Schuster’s vision for SAVOIRR was to revolutionise political strategy with technology, using reliable open government data to enhance decision-making. A standout feature is its competition tracking, updating stakeholder maps quickly for strategic advantage in the dynamic political field.

SAVOIRR also offers real-time alerts, allowing users to act promptly on political and legislative developments. For instance, a legislative researcher in a climate foundation can easily track and analyse relevant EU or national legislation changes through SAVOIRR, streamlining their workflow significantly.

Localisation: the Achilles heel to AI in politics

If using such an AI tool is that simple, why aren’t all political professionals doing so? Well, the fact remains that the localisation of such tools limits its applicability. Schuster mentioned this in relation to SAVOIRR—while it can adapt to various political systems, implementing it in a new country can take anywhere from 6-12 months.

Adapting to each country’s unique political system is a Herculean task—languages, laws, and political nuances differ widely, and if a tech product has a one-size-fits-all approach, then it will often fall short. You’ll often need the right people on the ground who can translate the intricacies of these different political systems into the proper data points that will serve as inputs for that AI tool.

Not to mention, getting politicians and companies on board with using such tools is another uphill battle. The onboarding process can be daunting, with users often finding themselves lost in a sea of features and data. It’s not just about having access to AI-driven insights – it’s about understanding how to use them effectively.
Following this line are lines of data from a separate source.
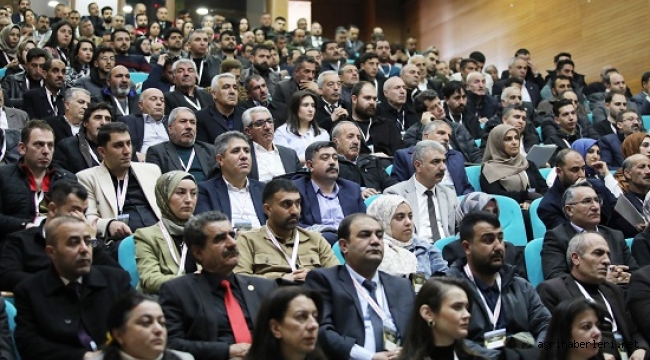  AİÇÜ'de Ağrı Zirai Kalkınma Çalıştayı Düzenlendi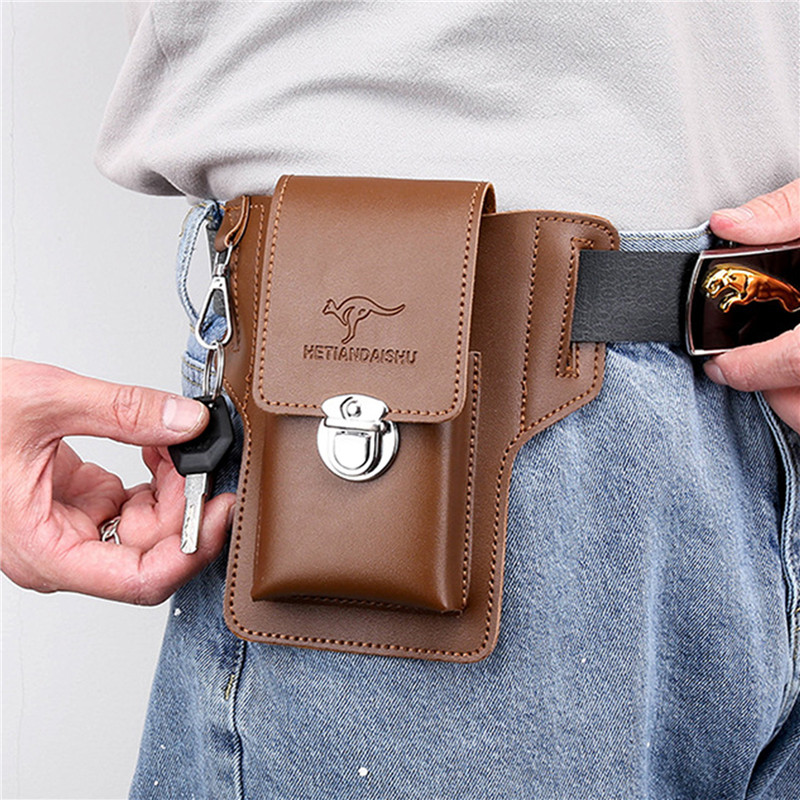 Borsa da cintura per telefono  - Men Accessories Box recensione e prezzo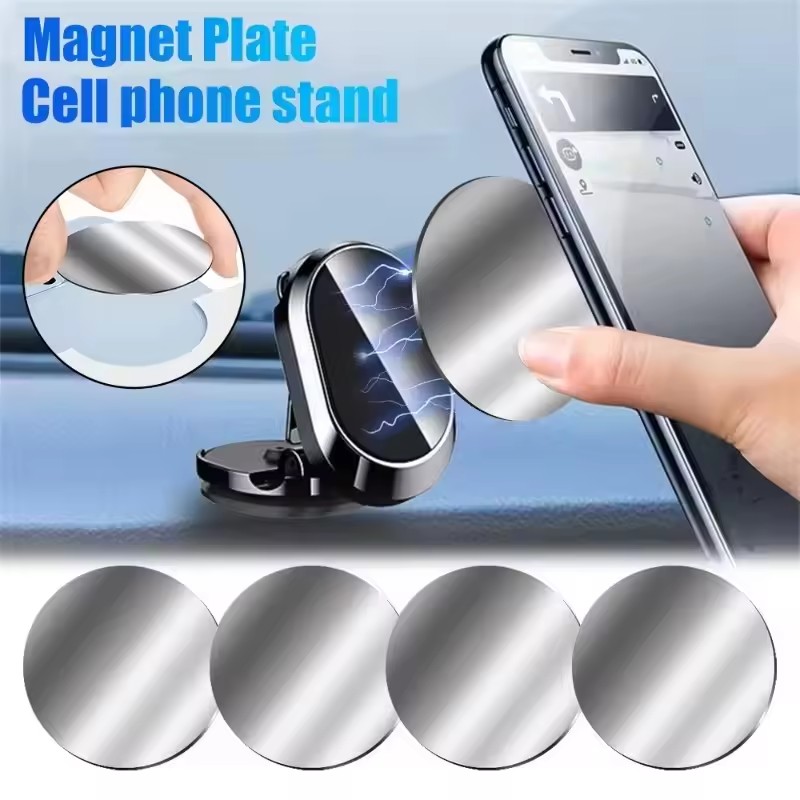 Phone Accessories Items - 50/1 SZT. Metalowa Płytka Dyskowa do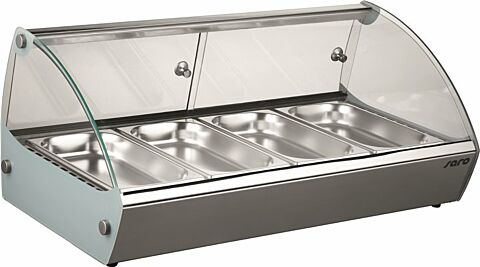 SARO Warmhaltevitrine MARIE 4-Gastro-Germany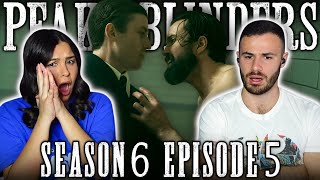 This Was BRUTAL  Peaky Blinders 6x5 Reaction [upl. by Melessa]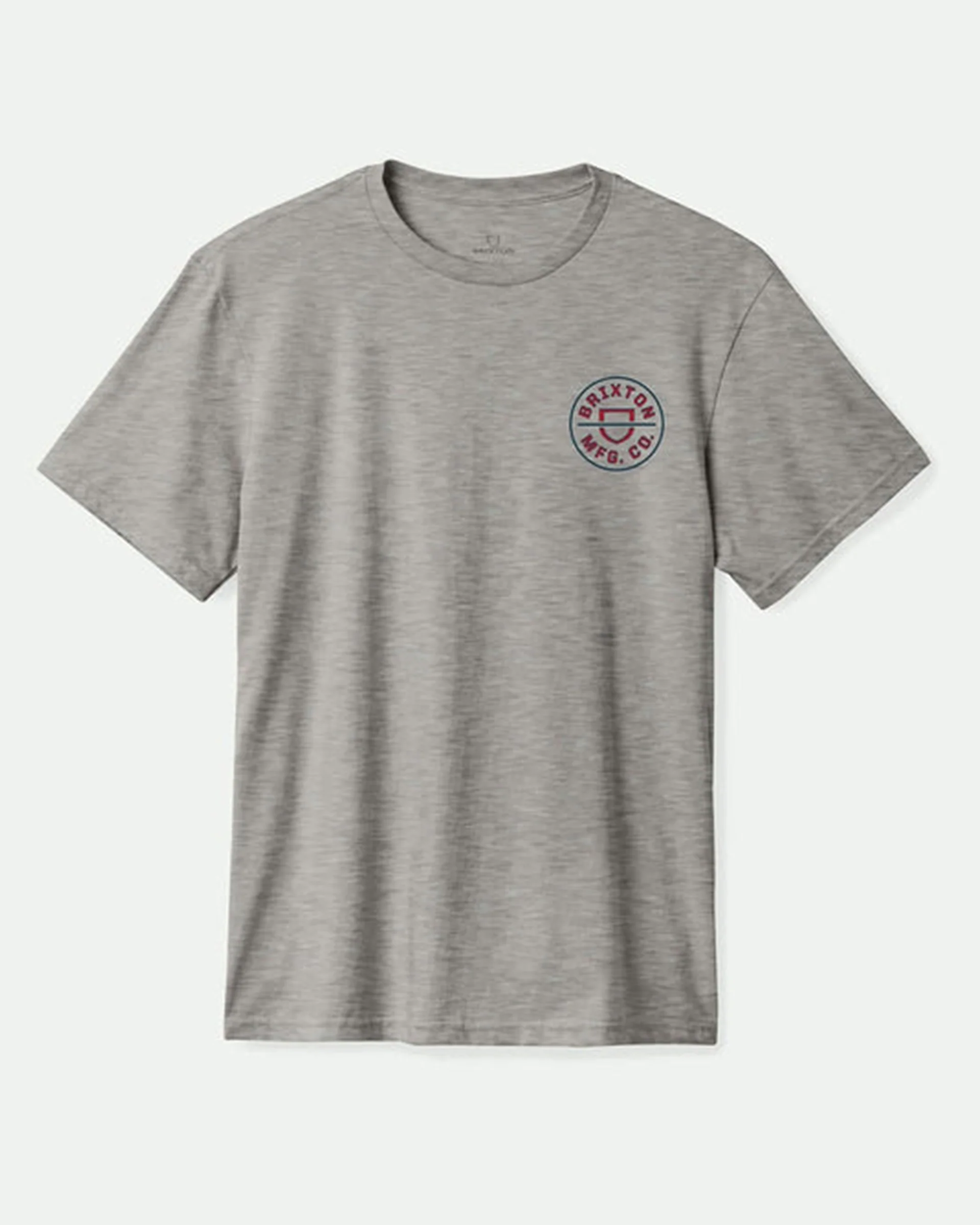 Crest II Standard S/S Tee - Heather Grey - Image 2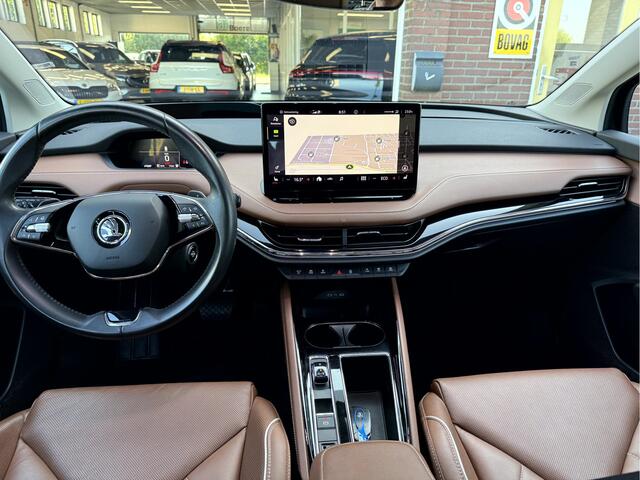 Skoda Enyaq iV 80 SOH 92 %, Panoramadak, Trekhaak, Warmtepomp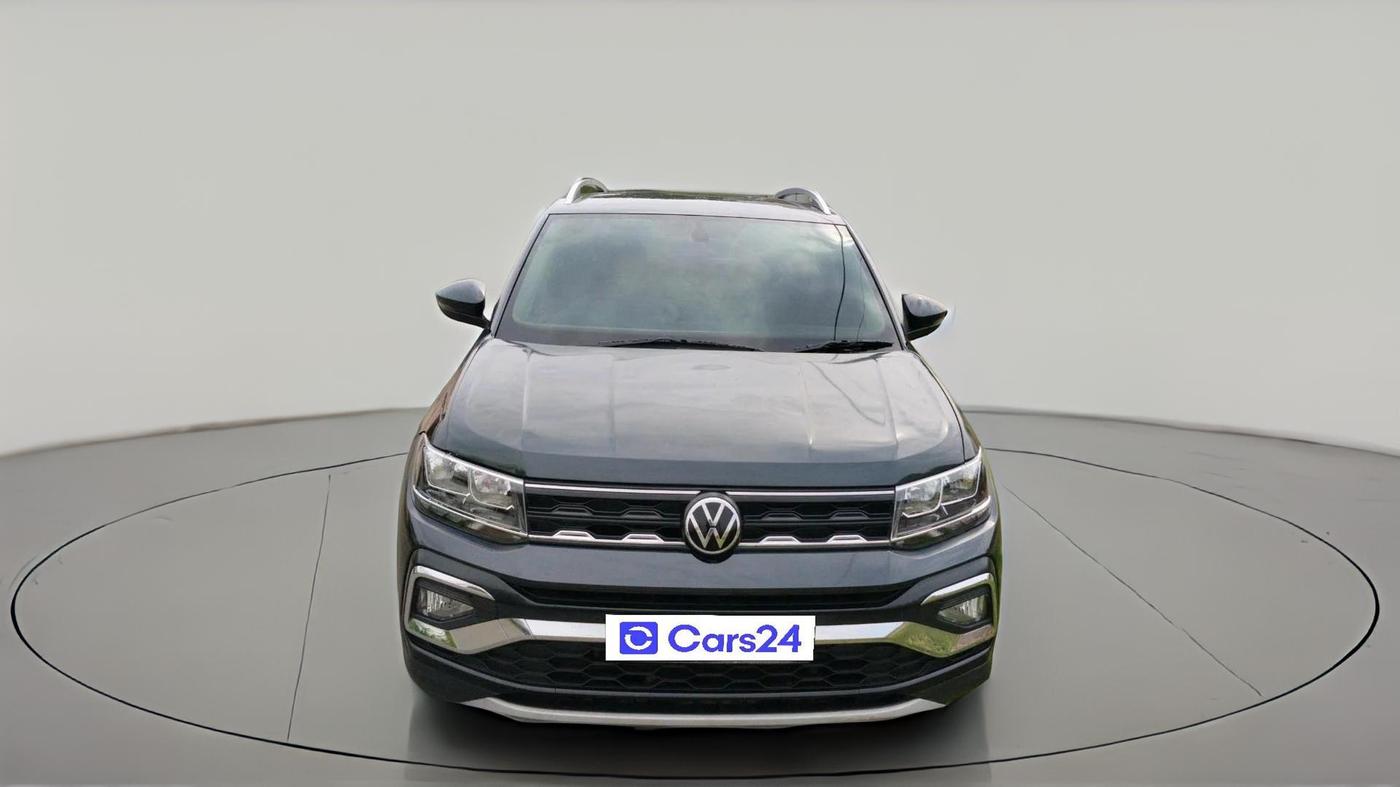 2023 Volkswagen TAIGUN HIGHLINE 1.0 TSI MT, Petrol, Manual, 60,719 km, exterior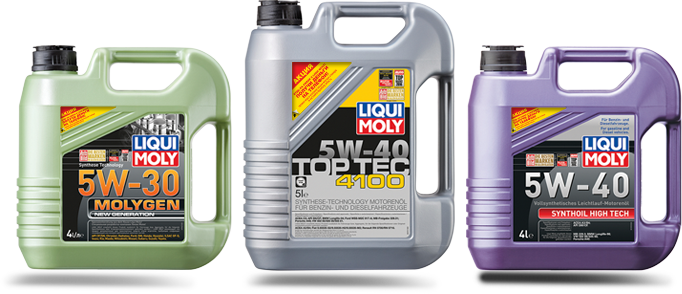 Масла Liqui Moly в акции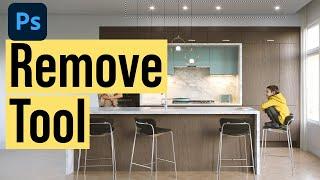 Clean Up Render Mistakes Fast with Photoshop’s Remove Tool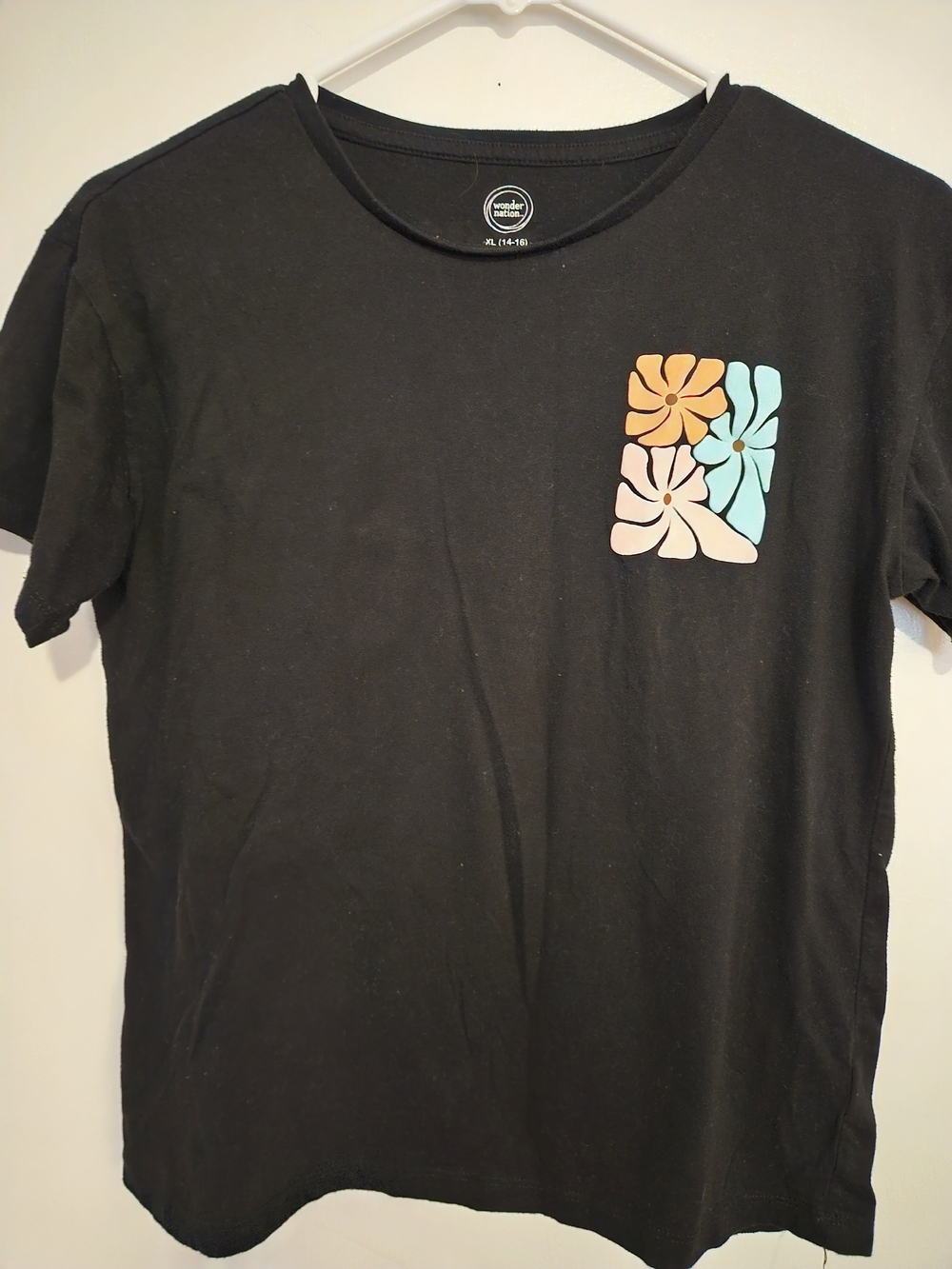 2 wonder nation Black Short Sleeve Tees Bundle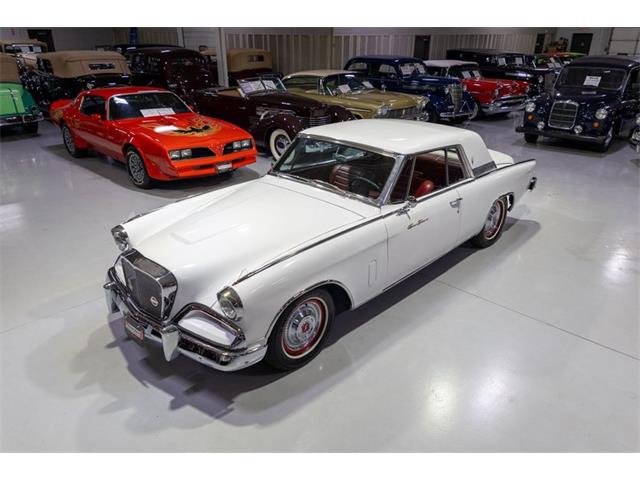 1962 Studebaker Gran Turismo Hawk (CC-2081535) for sale in Rogers, Minnesota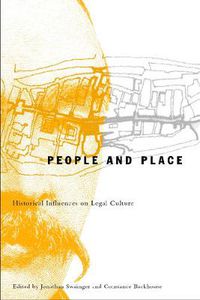 Cover image for People and Place: Historical Influences on Legal Culture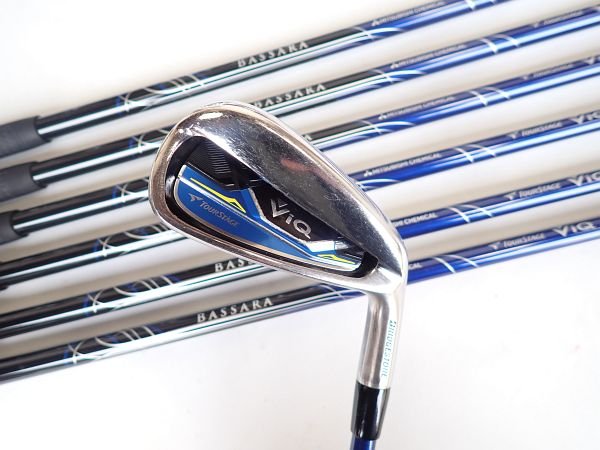 【中古】ブリヂストン TOURSTAGE ViQ アイアン TV-50i 7本 S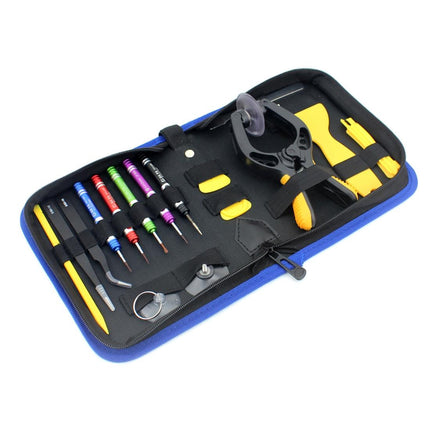 19-Piece Phone Repair Tool Set With Bag
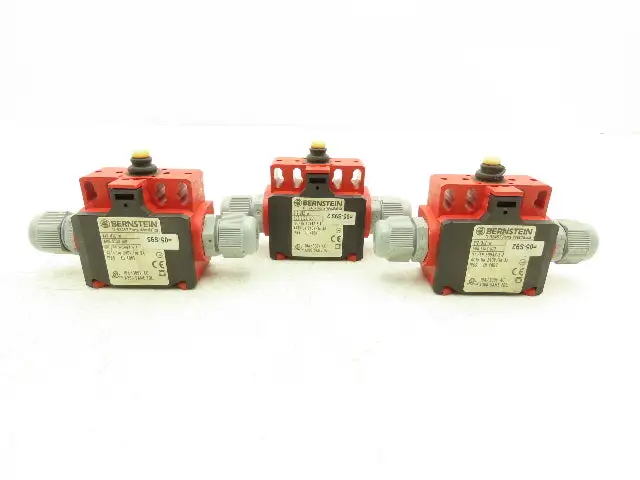 Used BERNSTEIN _UNKNOWN_ Relays & Switches | Arrow Industrial #617702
Moreover, persuading politicians and companies to use these tools involves overcoming onboarding complexities and teaching effective utilisation of AI insights.

Schuster emphasised the human aspect behind its AI technology during our conversation, telling me that while AI is transformative, the real power lies in human interpretation and application of the data.

Clemens Schuster, Co-Founder and CEO

The human element: AI’s make or break factor

Perhaps the most critical oversight in the AI-politics fusion is underestimating the human element. AI, as seen with SAVOIRR, can churn out data and insights aplenty, but without keen human interpretation, these insights might as well be a pile of unread books. Schuster’s platform stands at this crucial juncture – a place where AI and human insight must coalesce effectively, or risk falling short.

Let’s say there is an AI system deployed in a political campaign to analyse public sentiment through social media. AI could identify the trending topics and general sentiment, but it won’t be able to understand the nuanced context behind certain regional slangs or localised expressions. This could lead to a campaign misinterpreting a key demographic’s concerns, resulting in a strategy that misses the mark and alienates potential supporters. Human intuition and understanding is irreplaceable here, and makes such AI tools not useful but even damaging.

AI can process vast amounts of data, but it often lacks the ability to grasp the unpredictable and dynamic nature of human behaviour that is so central to politics.

AI’s success stories

Still, there are times when AI can be used in the right way. Schuster shared a compelling success story from Switzerland, where SAVOIRR enabled a major energy company to leverage early information on solar panel regulations, significantly impacting their business strategy and legislative involvement.

The use—and success of—AI in politics will only increase. Recent reports from US campaigns, from local mayoral races to the highly anticipated 2024 presidential election, AI use in crafting election ads and outreach emails is increasingly prevalent. The Democratic National Committee, for instance, has tested AI-generated content and discovered it matches or even surpasses human-written material in terms of engagement and fundraising results.

A new chapter in political analysis

Schuster’s future vision for SAVOIRR seeks to redefine public policy engagement, informed by its experiences. The progress of AI, particularly in nuanced fields like politics, will rest on its capacity to augment, not supplant, human judgement and expertise.